Adi Talwar

A clean-up on Jamaica Bay in July. The future of the bay depends on sizable numbers of New Yorkers visiting it to become stakeholders in its protection. But larger numbers of visitors will present a new ecological challenge.

Sometimes old stories are big news. New York City’s 20-year struggle to comply with the Clean Water Act and make its waterways accessible to people who want to fish, boat or even swim in them is one example. The ongoing quest for affordable housing in the city is another. In both cases, the story has changed dramatically in recent years, with new challenges, players and policy initiatives.

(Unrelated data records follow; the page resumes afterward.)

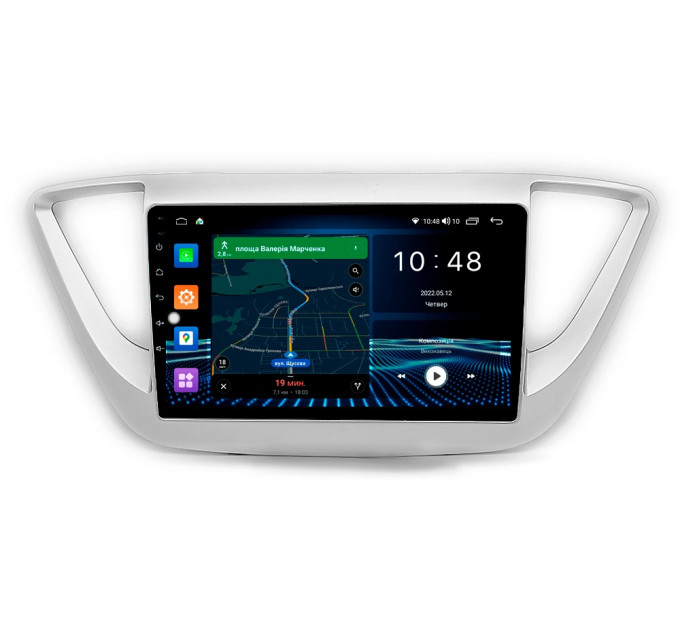 Штатна магнітола Abyss Audio MP-9208 для Hyundai Accent 2017-2018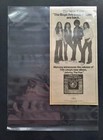 Thin Lizzy Johnny The Fox Album Promo Print Advertisement 1976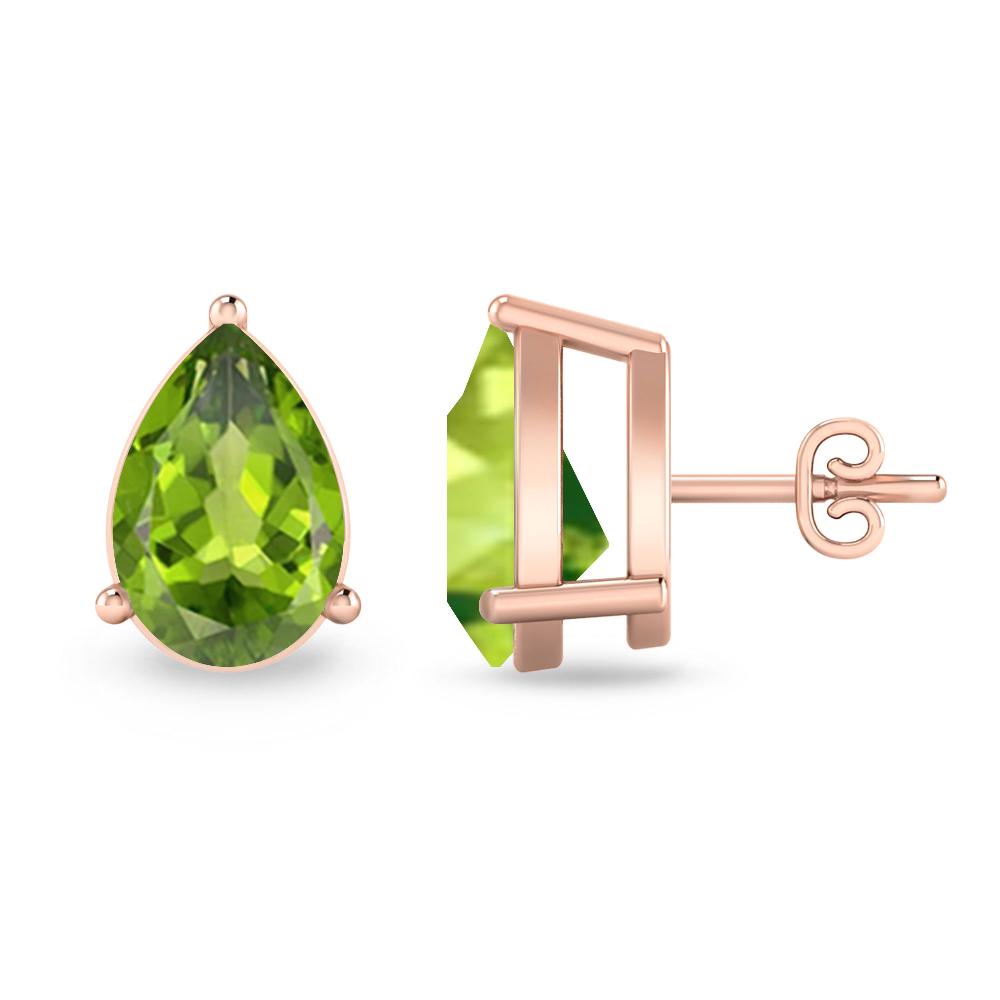 Rose Gold - Peridot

And City Limits has an especially strong commitment, among the many other things it covers in New York, to following those threads.

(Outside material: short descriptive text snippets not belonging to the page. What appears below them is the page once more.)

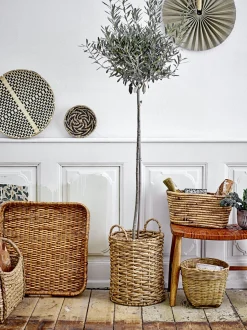 - Joann Kurv, Natur, Bambus^Bloomingville Hot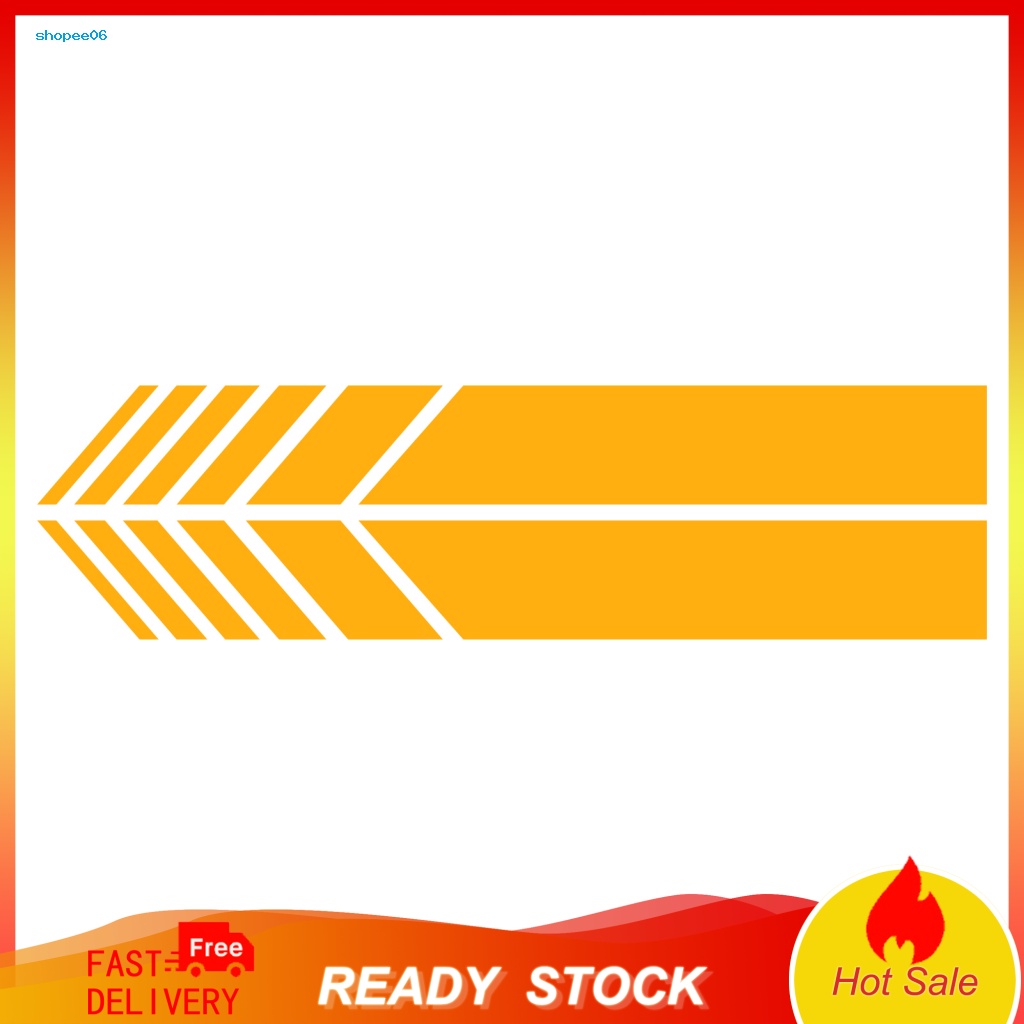 1 Cặp Miếng Dán Vinyl Gọn Nhẹ Không Phai Màu Trang Trí Xe Hơi / Xe Tải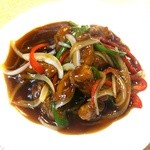 ゆたか - 酢豚　黒酢を使ってます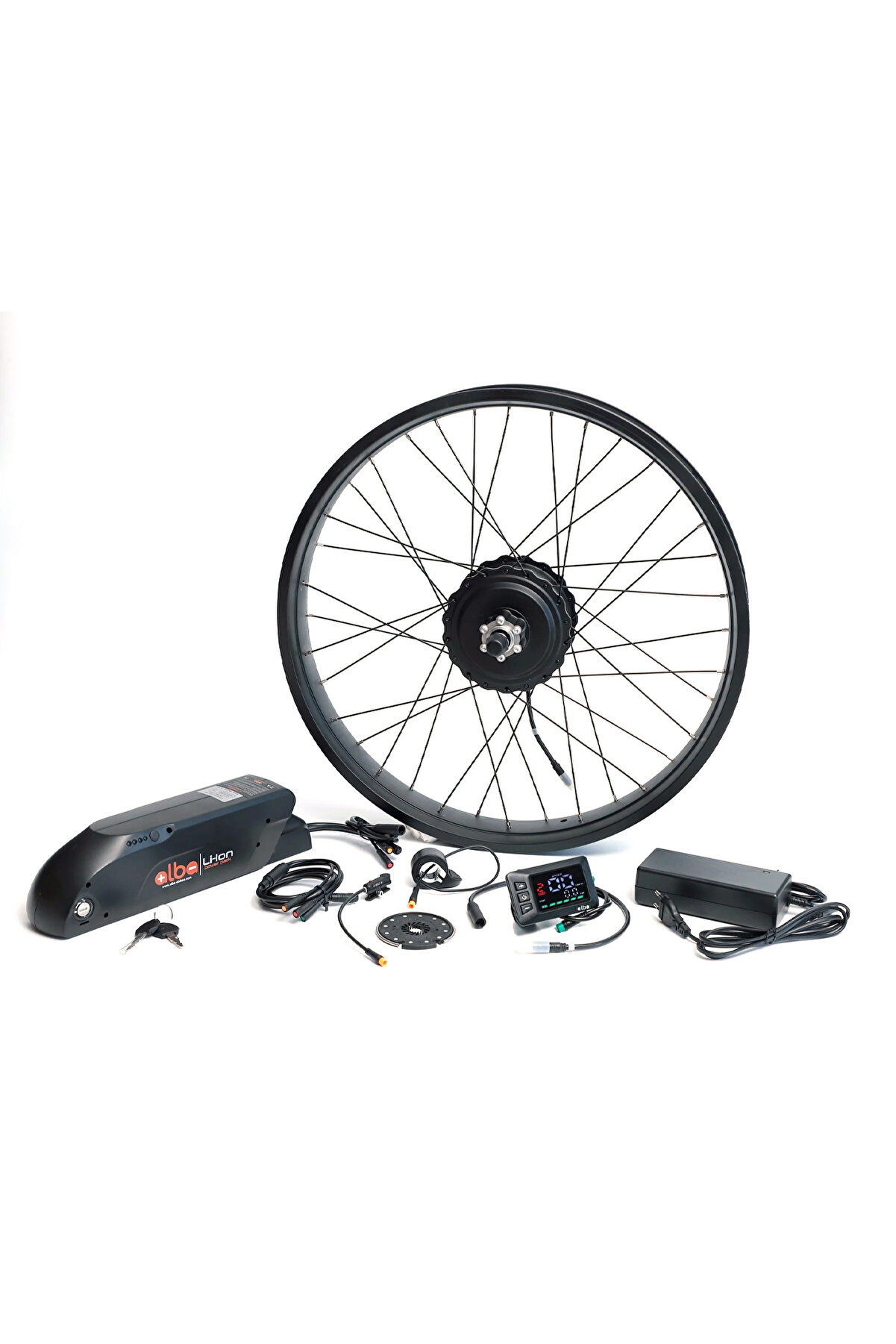Alba 500RH Arka Motor Elektrikli Bisiklet Dönüşüm Kiti - Güçlü ve Verimli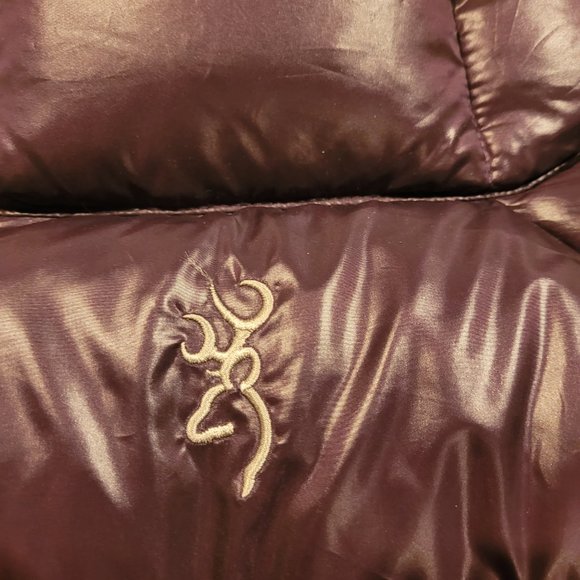 Browning Ladies Puffer Jacket - NWT - Picture 4 of 11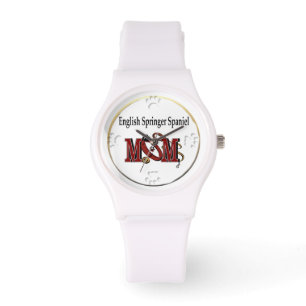 Montre Maman d'épagneul de springer anglais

On Thursday night, we were rewarded for those efforts with two Ippies awards from the Center for Community and Ethnic Media at the CUNY Graduate School of Journalism.

Reporter and videographer Guglielmo Mattioli and photographer Adi Talwar won first prize in the multimedia category for their story last summer about how public access to the water has sometimes been an afterthought in the efforts to clean places like Jamaica Bay and Flushing Creek.

Reporter Abigail Savitch-Lew took second place in the Social Issues category for her ongoing coverage of housing and zoning in the city.

This follows Wednesday’s win at the Society of the Silurians awards for our green-jobs reporting.